**Provided records**

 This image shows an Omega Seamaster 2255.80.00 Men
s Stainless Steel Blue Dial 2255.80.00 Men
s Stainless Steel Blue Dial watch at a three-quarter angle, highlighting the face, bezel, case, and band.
==
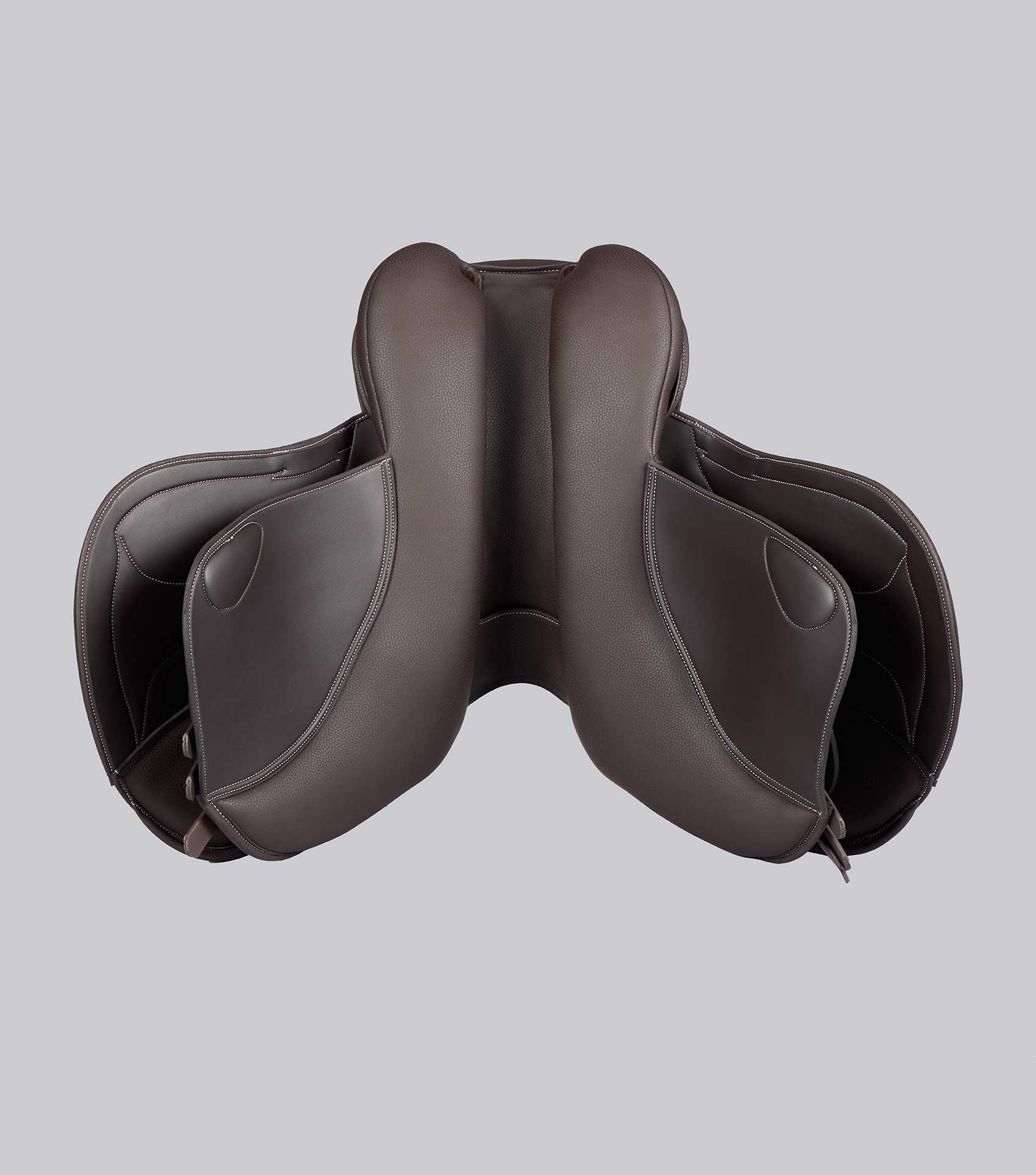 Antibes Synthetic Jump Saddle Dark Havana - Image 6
...
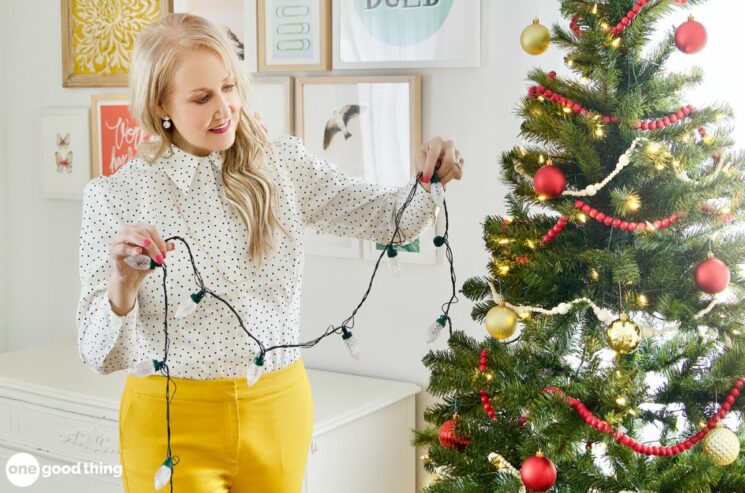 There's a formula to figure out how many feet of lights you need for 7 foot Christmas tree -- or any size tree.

**Your objective**
Check each line of the data above for the word "Steel" and copy the ones where it is found.

**Written response**
s Stainless Steel Blue Dial 2255.80.00 Men
s Stainless Steel Blue Dial watch at a three-quarter angle, highlighting the face, bezel, case, and band.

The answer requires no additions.